Exercise objective
Print exactly the lines from the line with "Lyst Diesel Black" to the last line of the data, please, both included.

[Data records]
◇ ◇ ◇ ◇ ◇

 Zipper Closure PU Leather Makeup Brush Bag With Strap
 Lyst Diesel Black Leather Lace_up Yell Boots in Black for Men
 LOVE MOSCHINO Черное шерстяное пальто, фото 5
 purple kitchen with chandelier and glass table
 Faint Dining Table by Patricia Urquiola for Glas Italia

◇ ◇ ◇ ◇ ◇

Task result
 Lyst Diesel Black Leather Lace_up Yell Boots in Black for Men
 LOVE MOSCHINO Черное шерстяное пальто, фото 5
 purple kitchen with chandelier and glass table
 Faint Dining Table by Patricia Urquiola for Glas Italia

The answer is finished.